1. What are the licenses you need to obtain in order to sell cooked food?
2. What is the cost of business utilities eg; water, gas, electricity


----------



## Wanderer

tupac74 said:


> Greeting mates,
> 
> I'm hoping to get some insight of establishing a food stall in Perth, thank you
> 
> 1. What are the licenses you need to obtain in order to sell cooked food?
> 2. What is the cost of business utilities eg; water, gas, electricity


When you say a food stall, that type of facility is usually limited to something like a mobile van here in Australia, various types to be found at some sporting venues and then also there are mobile vans that go around to building sites for selling of simple stuff like sandwiches, cakes, fruit, drinks and perhaps some hot pies etc.

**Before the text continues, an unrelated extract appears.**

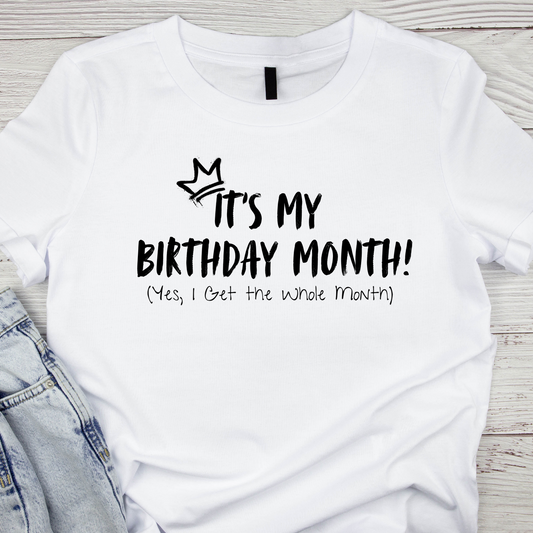 Birthday Month Shirt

There will be local government regulations re having a licence, where you can set up and hours of operation etc. as well as equipment and healthy preparation standards.
You'll not find that permanent ones are about and for somewhere that you want utilities connected you'll be looking at a shop, still LG regulations and costs will depend on ammount of business and use but you'll possibly be looking at a minimum of ~$200/w and then of course shops need to be rented and fitted out.


----------



## Barbaragabogrecan

Congratulations… It’s good to know that you have opened a food stall and I don’t have any experience but all the best from side.


----------



## bwendo

Having a food stall is labour intensive and involves time commitments usually on weekends and holidays. It can be time consuming and a hit and miss affair dependent on weather, the promoter of the event, and the type of people who are attracted to the event may not suit your product.


----------



## Skydancer

Tupac, another idea where you can operate a food stall is at the markets. There's usually quite a few weekend and flea markets around, where you could set up a stall easily and cheaply. I myself am looking at possibly doing that here on the Gold Coast. Friends of mine travel around to all the markets between Brisbane and northern NSW, there's always at least one going on. They are making a living out of selling their home made dips and pitta chips! Good luck Tupac, I'm sure it's worth a try!


----------



## healthins

Do some market research and study latest trends going in food industry.Good Luck.


----------



## Henry_Jakson

I'd probably suggest doing a bit of ground work first to discover the simple questions. you'll get more help that way.


----------



## jserawat2011

tupac74 said:


> Greeting mates,
> 
> I'm hoping to get some insight of establishing a food stall in Perth, thank you
> 
> 1. What are the licenses you need to obtain in order to sell cooked food?
> 2. What is the cost of business utilities eg; water, gas, electricity


I hope that your business will be a successfull one. I know that having a business in the food industry is pretty hard these days because you have to deal with lot of people and to satisfy them.


----------